During the focus study, it became evident that a barrier to the research was the need to have confidentiality forms signed by participants. Participants came from several Hispanic countries, and were concerned that by signing the forms, they would no longer remain anonymous. Several people who were originally willing to participate left the focus group before it began because of this. Research was still conducted with an adequate number of participants, but had there not been an issue with confidentiality, statistics could have been more representative of the older adult Hispanic population.
Another barrier that became evident during the presentation was the interpretation of the questions presented to the focus group. Although they were translated into Spanish for the participants, the phrasing of the questions and the formatting for response became difficult for participants to understand, especially to those who had never used an automatic response system before.

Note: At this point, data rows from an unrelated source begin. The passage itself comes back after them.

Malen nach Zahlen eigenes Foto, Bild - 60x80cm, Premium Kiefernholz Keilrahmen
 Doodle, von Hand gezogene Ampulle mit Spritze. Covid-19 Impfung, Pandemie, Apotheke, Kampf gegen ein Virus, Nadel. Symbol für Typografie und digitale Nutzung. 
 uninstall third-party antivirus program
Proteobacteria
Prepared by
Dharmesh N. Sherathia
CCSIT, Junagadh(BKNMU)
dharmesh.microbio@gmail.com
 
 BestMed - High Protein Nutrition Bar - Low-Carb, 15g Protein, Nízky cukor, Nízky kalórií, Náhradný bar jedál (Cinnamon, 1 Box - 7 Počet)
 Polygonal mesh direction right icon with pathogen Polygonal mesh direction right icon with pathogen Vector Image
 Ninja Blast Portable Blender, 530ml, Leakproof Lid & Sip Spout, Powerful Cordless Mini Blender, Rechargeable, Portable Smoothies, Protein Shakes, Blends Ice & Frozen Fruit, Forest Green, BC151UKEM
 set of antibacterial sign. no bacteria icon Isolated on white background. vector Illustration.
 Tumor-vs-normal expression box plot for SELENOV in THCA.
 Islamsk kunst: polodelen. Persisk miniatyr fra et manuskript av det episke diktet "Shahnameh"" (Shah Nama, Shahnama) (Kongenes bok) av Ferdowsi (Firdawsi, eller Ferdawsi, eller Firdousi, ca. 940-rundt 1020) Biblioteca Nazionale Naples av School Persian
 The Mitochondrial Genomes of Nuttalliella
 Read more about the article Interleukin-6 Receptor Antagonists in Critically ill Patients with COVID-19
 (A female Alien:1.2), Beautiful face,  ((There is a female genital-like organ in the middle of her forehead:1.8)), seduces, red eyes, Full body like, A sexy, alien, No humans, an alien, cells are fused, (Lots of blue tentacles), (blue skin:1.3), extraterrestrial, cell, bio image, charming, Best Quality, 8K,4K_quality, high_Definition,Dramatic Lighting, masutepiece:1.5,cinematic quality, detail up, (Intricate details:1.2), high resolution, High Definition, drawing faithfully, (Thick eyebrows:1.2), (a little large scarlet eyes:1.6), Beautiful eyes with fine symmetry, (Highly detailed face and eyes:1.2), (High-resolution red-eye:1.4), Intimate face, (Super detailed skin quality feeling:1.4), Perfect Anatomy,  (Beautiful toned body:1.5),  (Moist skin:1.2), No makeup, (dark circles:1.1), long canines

If anything, this study has taught me that research regulations have a long way to come before they meet the needs of different cultures. It seems necessary for one to follow standard prerequisites to protect validity of results in research, such as maintaining certain agreements of confidentiality, liability, etc. There is historically valid reasoning for such rules: to protect the research subjects and maintain confidence in the integrity of research as whole. It seems, however, that as long as these prerequisites for validity in research are deemed to be continually necessary, barriers to obtaining that information will continue to be difficult among subjects from other cultures who are not as comfortable with such tight regulations. We may continue to expect acculturation from other minority groups in the United States in regards to following traditional American policies, but with the growing minority population at hand, it may do us good to learn to have a little acculturation ourselves. By better coming to understand minority populations’ take on research regulation, we will better know how to approach further research of these minority populations.
References
- American Health Information Management Association (AHIA)/American Medical Informatics Association (AMIA) (2007).The value of personal health records: A Joint Position Statement for Consumers of Healthcare. Journal of AHIMA, 78(4), 22, 24.
- Institute of Medicine (IOM (2001) Crossing the Quality Chasm. Washington, DC: National Academies Press.
- Institute of Medicine (IOM) (2008). Retooling for an Aging America Washington, DC: National Academies Press.